President Obama’s strong support for same-sex marriage is strong support for the institution of marriage itself. It's a vital step toward a revitalized institution better equipped to address the needs of today’s families.

Those who think and talk like Rush Limbaugh – who called the president’s statement a “war on traditional marriage” -- have championed the policies underlying the real war. Research on contemporary marriage such as Brad Wilcox's "When Marriage Disappears" shows that the ability to sustain a long-term, two-parent relationship (with any sex) is increasingly a function of class. Our research in Red Families v. Blue Families reveals that it is also the product of a conservative economic program that has wreaked havoc on the family lives of struggling Americans.

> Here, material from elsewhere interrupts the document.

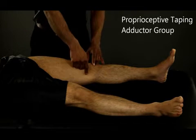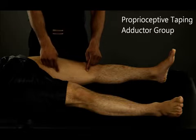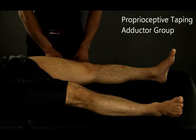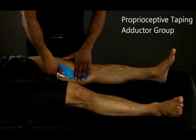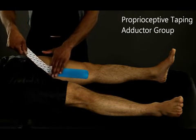Start by placing the tape at the distal end, or insertion, taping along the fibers of the muscle towards the proximal end, or origin. Be sure that the tape does not stretch out.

We have been consistently stunned, though alas not shocked, by the anguished tones used by those who oppose same-sex marriage and who manage to argue with a straight face (pun intended) that declining marriage rates must somehow be linked to public recognition of same-sex couples. It is time to identify the real reasons for the transformation of marriage – and gay marriage has nothing to do with those changes.

Marriage results from the union of two partners convinced that they are better off together than apart. In times when only men had access to a "family wage" and child care was (and still is) expensive or non-existent, the traditional match involved a trade of men's higher income for women's domestic services.

What does marriage rest on today? For many, it rests on a commitment of two people to share their lives, to create a permanent union that provides support for children, and to manage the tradeoffs between careers, finances and services necessary to manage a family. This is an ideal held by both heterosexual and same-sex couples who are more financially secure. But it no longer fits large numbers of working-class couples who conceive children together. That's because the foundation for their relationships has been destroyed by the very people who accuse President Obama of a war on marriage.

Let's consider how they have systematically undermined marriage.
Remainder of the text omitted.